As far back as January 1, 2008, the SAC
warned the County of the economic slowdown and the vulnerability of the County’s
revenue stream. (Paper 33 Ex. B.) In February, 2008, additional warnings were given to the County
Executive and the County Council by the Director of Housing and Community
Development, Thommie Thompson. He characterized the
County’s housing crisis as “alarming,” and stated that, “Prince George’s County
had the State’s highest number of foreclosure events . . . in the second
quarter of 2007.” (Paper 33 Ex. C.) Furthermore, the
County Executive himself forecasted that the County’s “General Fund Revenue
[would] slow down dramatically,” due to the significant decrease in property
and recordation taxes the County received. (Paper 8 Ex. 14.)
Yet, the County Executive proposed, and the County Council approved the FY 2009
budget, which was over $44 million more than what the SAC recommended. The
County now argues that the AFSCME Unions “knew full
well of the mortgage crisis that the County began to face in 2007”, and that
the “bubble was about to burst on the housing market.” (Paper
41 at 15.) This statement raises two unsettling issues. First, it
suggests that the County’s crisis can actually be documented
as far back as 2007, and second it calls into question the County’s claim -- that
its revenue shortfall was unexpected. Thus, the Court finds that neither the
magnitude nor the timing of the events which prompted the County’s furlough
plan approach the severity of those present in Baltimore Teachers Union.

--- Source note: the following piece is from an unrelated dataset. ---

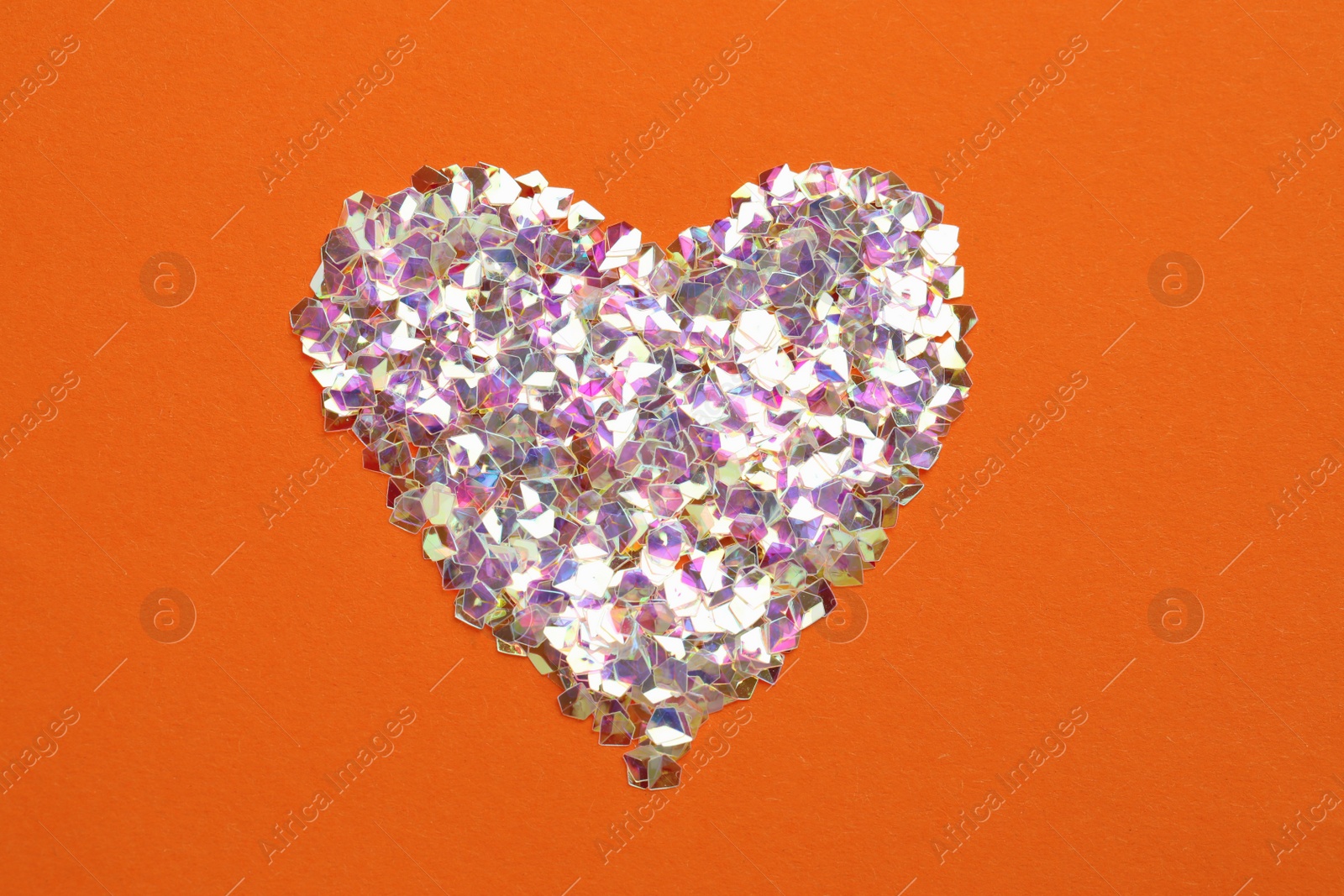 Photo of Heart made with shiny glitter on orange background, flat lay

b. Efforts to Exhaust Other Alternatives
Whether the County exhausted other
alternatives is important because, the majority in Baltimore Teachers Union
found in favor of the City of Baltimore because the City decided to furlough “only
when it concluded that it had no better alternatives . . . .” Baltimore
Teachers Union, 6 F.3d at
1020. Before implementing the furlough, the City of Baltimore, among other
things, considered closing its schools for a week. See id. at
1022. This idea was ultimately rejected, but it nevertheless
demonstrated the exceptional circumstances that the City of Baltimore faced. In light of the various other circumstances surrounding the
Baltimore’s furlough plan, e.g., the eleventh-hour nature of the cuts, the fact
that the City had already laid off a portion of its employees, and the
impending breakdown of government, Id. at 1021 (See Appellant’s Br. at 21), the
Fourth Circuit rejected the notion that the City was doing that which was “politically
expedient.” See United States Trust, 431 U.S. at 26; see also Ass’n of
Surrogates & Supreme Court Reporters, 940 F.2d
766, 773 (1991).
Here, although the County suggests to the
Court that it faced dire circumstances and had no other reasonable
alternatives, the record suggests otherwise and the County’s actions resemble
trappings of doing that which was “politically expedient.” See United States
Trust, 431 U.S. at 26. The County concedes that when it adopted the EFP, it had approximately $230 million in reserves. (Paper 8 Ex. 18.) The GFCR totaled
approximately $133 million, the GFOR totaled
approximately $53 million and the UFB totaled
approximately $44 million. (Id.) Although the GFCR is controlled by Section 806 of the County Charter, and may
only be appropriated, in accordance with Section 816, the other two funds do
not have any restrictions attached to them. As described by the County, the
purpose of the GFOR is to “ensure a reasonable degree
of stability in its programs over the long run,” and it “can be used to offset
the impact of budget emergencies or as a funding source for expenditures that
the County Executive and County Council determine would benefit the citizens of
Prince George’s County.” (Paper 48 Ex. 3.) According
to the County, the UFB is an unrestricted fund “used
to mitigate the impact of the declining housing market and the accompanied
dramatic slowdown of the revenue growth within the County.” Therefore, based on
the County’s own descriptions of the reserve funds, the Court finds that,
approximately $97 million was at the County’s disposal, as the County
contemplated implementing a furlough plan. Nothing in the facts recited by the
Fourth Circuit in Baltimore Teachers Union suggest
that the City of Baltimore had similar funds at its disposal, and, thus,
although the Court’s determination does not rest solely on the existence of
these funds, the Court does find their availability significant.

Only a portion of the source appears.